=== DATA EXTRACT ===

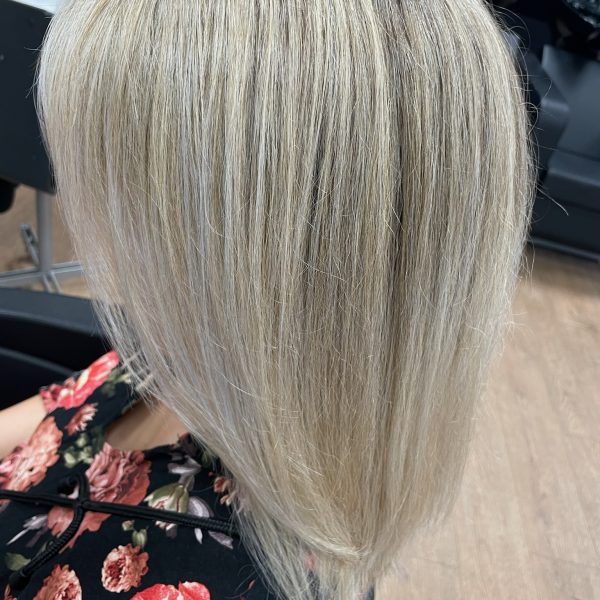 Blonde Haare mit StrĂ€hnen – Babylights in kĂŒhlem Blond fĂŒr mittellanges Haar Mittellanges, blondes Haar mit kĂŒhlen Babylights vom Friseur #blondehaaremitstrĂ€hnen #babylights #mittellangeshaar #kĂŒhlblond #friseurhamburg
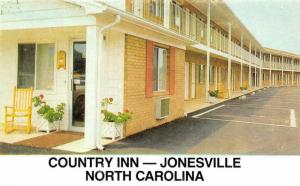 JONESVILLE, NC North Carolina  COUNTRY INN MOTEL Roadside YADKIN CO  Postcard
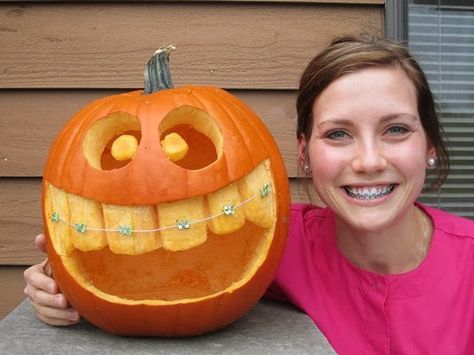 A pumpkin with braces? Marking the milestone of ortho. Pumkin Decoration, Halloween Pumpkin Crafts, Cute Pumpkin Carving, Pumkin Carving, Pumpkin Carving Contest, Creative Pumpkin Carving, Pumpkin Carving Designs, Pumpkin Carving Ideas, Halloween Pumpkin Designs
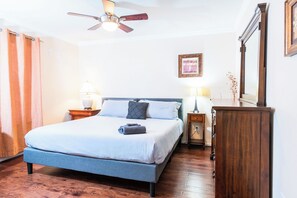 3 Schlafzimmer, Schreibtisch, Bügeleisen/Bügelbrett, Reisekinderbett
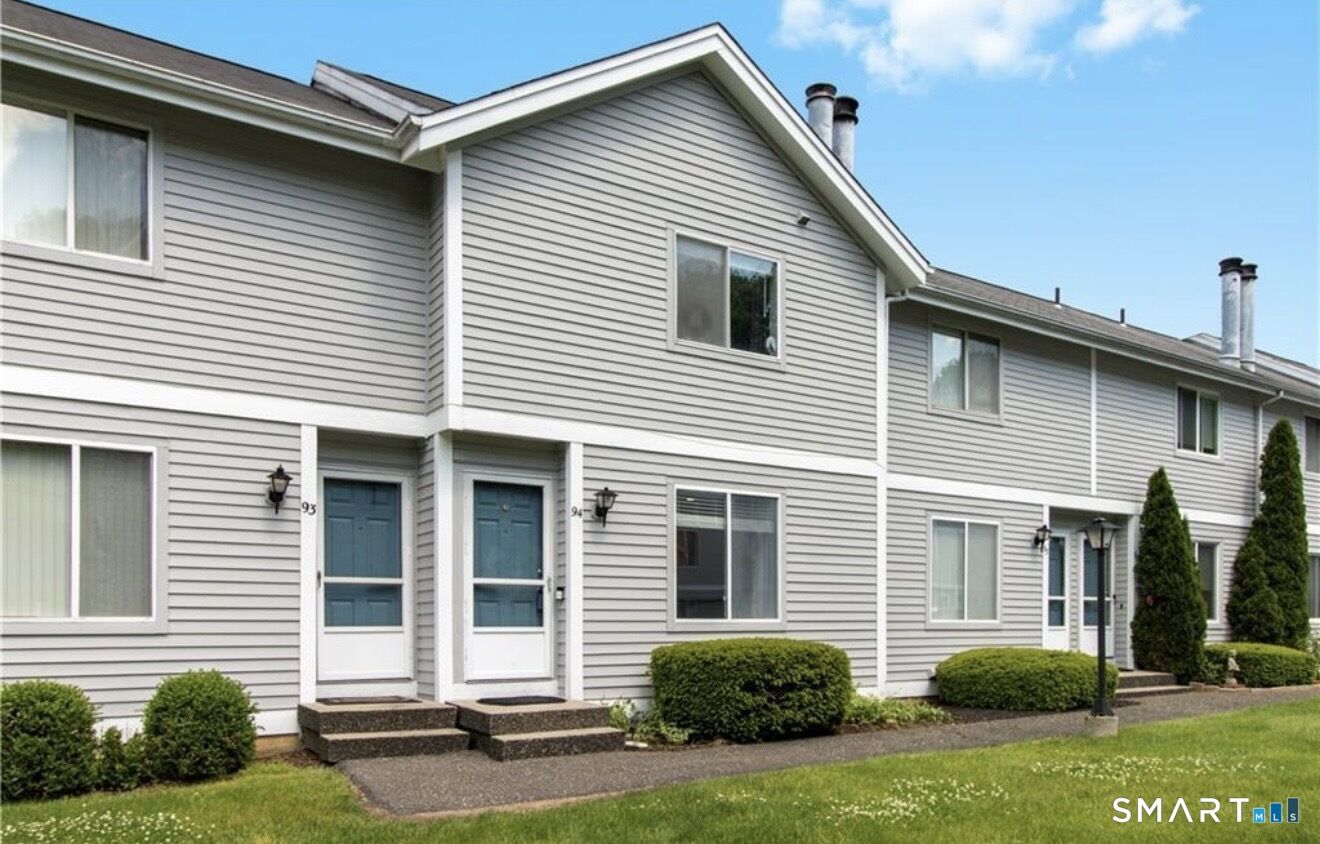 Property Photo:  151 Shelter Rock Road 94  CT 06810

===
=== DATA EXTRACT ===

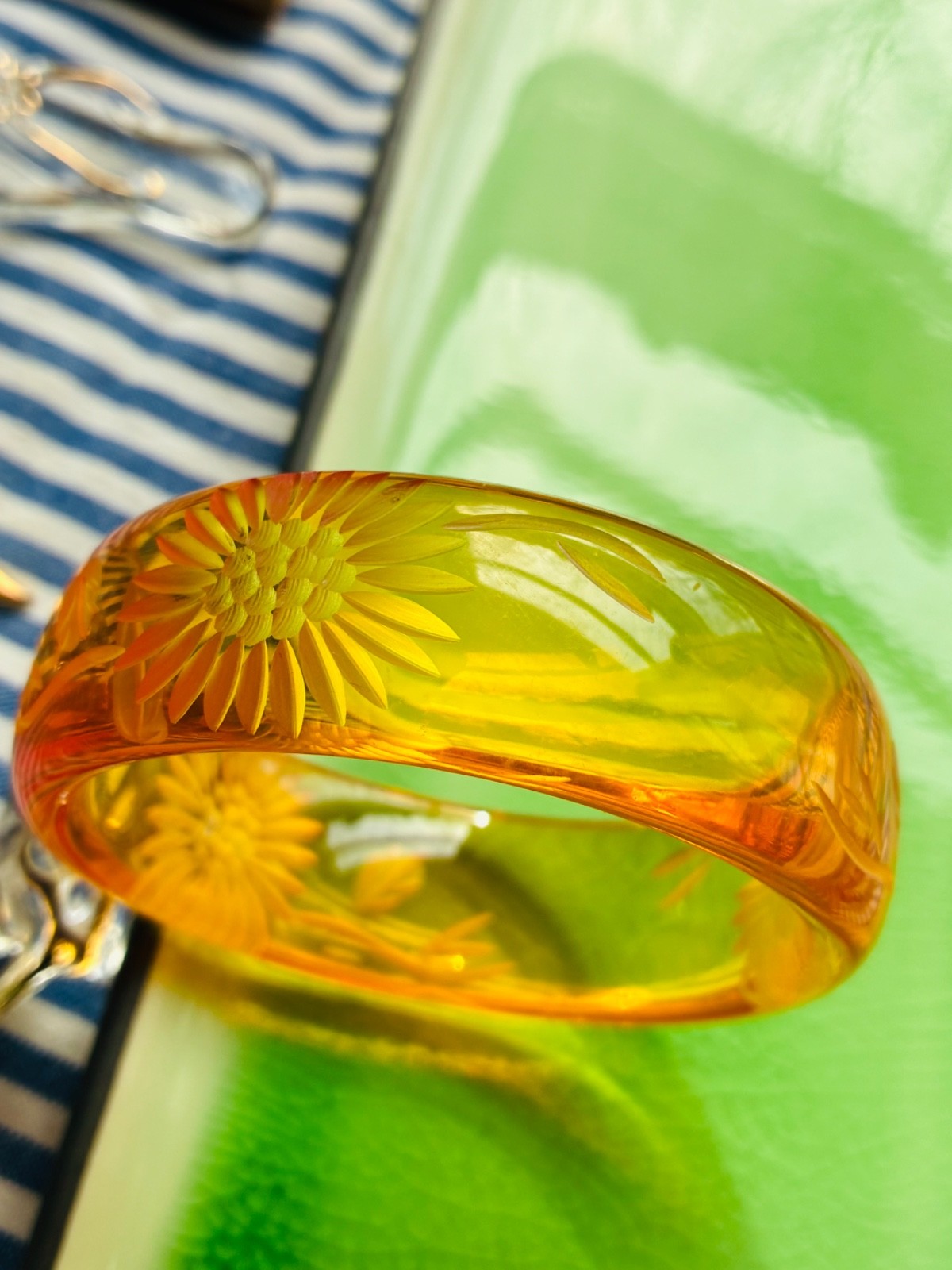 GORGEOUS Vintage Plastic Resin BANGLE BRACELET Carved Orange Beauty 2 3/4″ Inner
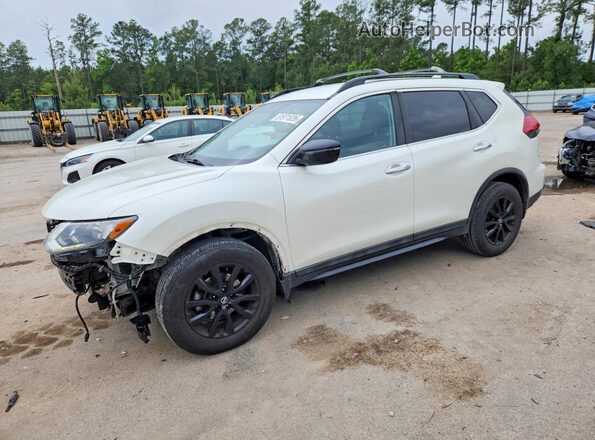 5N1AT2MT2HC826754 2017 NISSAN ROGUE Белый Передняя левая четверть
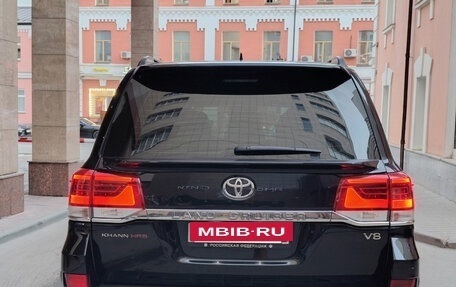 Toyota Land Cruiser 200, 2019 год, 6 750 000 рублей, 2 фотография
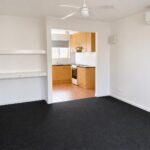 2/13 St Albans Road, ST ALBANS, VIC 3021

===
=== DATA EXTRACT ===

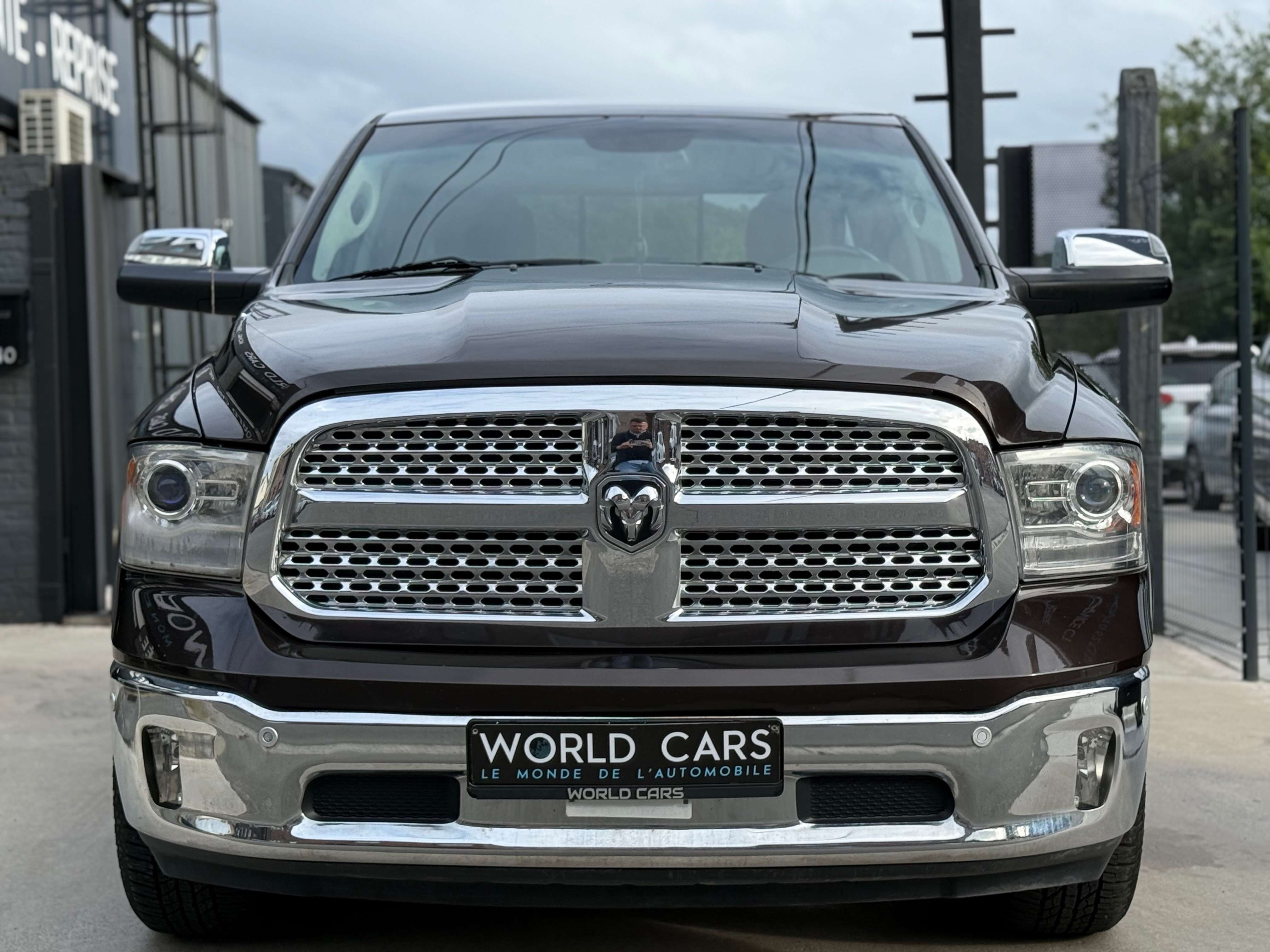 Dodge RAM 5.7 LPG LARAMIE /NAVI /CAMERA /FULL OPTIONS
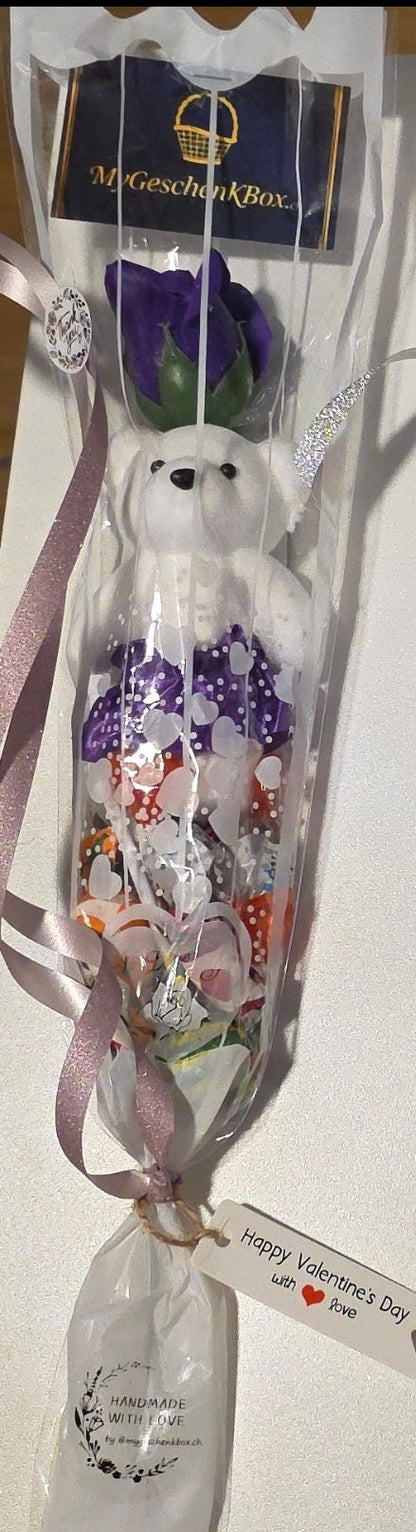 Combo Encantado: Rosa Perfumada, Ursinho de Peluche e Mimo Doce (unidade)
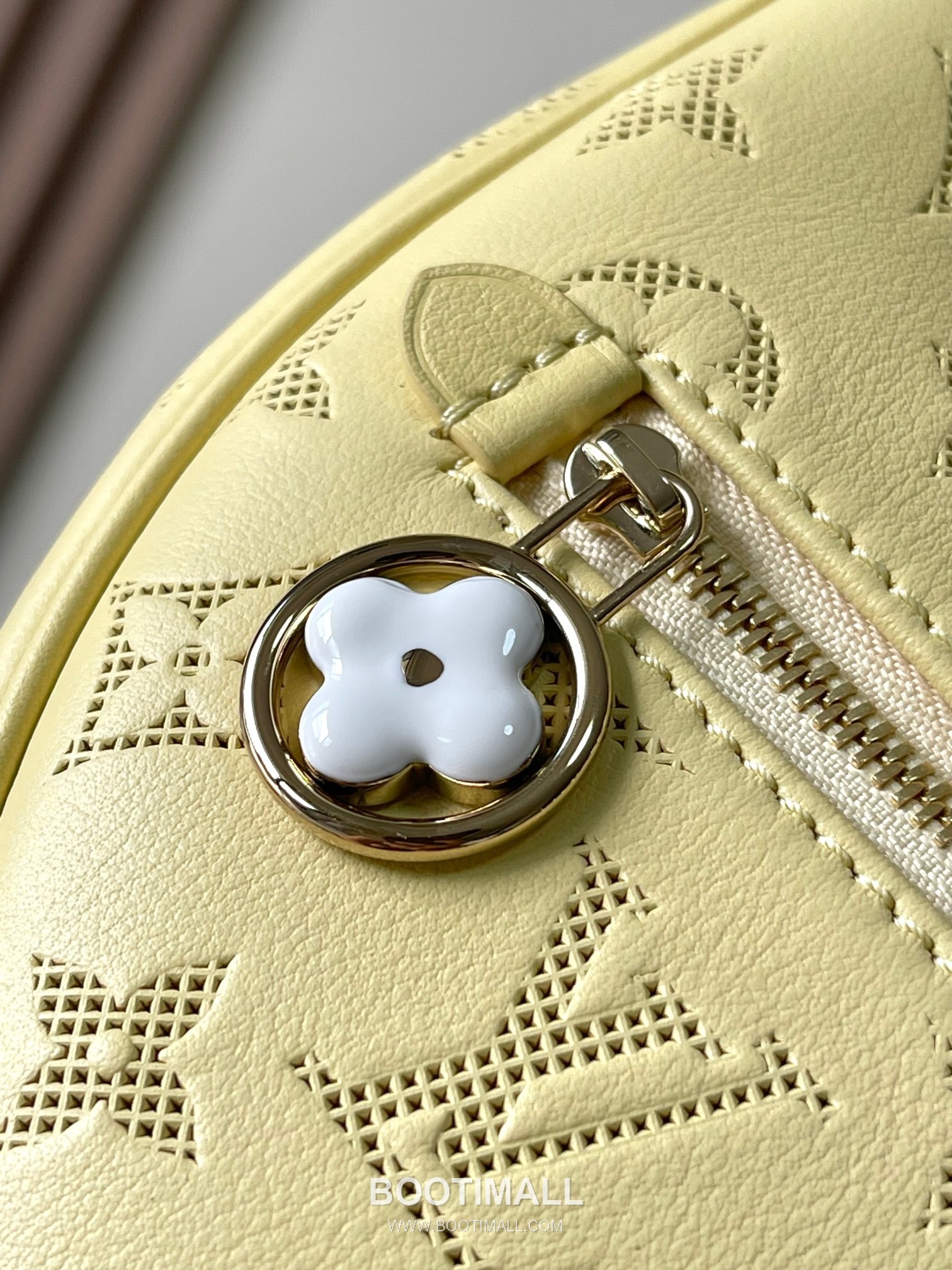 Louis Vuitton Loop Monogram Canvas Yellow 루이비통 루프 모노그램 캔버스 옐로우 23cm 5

===

__ACTIVITY__: Reproduce the data above exactly, but only from the line containing "Blonde Haare mit" through the line containing "JONESVILLE, NC North"; skip the pictures.

__SOLUTION__:
 Blonde Haare mit StrĂ€hnen – Babylights in kĂŒhlem Blond fĂŒr mittellanges Haar Mittellanges, blondes Haar mit kĂŒhlen Babylights vom Friseur #blondehaaremitstrĂ€hnen #babylights #mittellangeshaar #kĂŒhlblond #friseurhamburg
 JONESVILLE, NC North Carolina  COUNTRY INN MOTEL Roadside YADKIN CO  Postcard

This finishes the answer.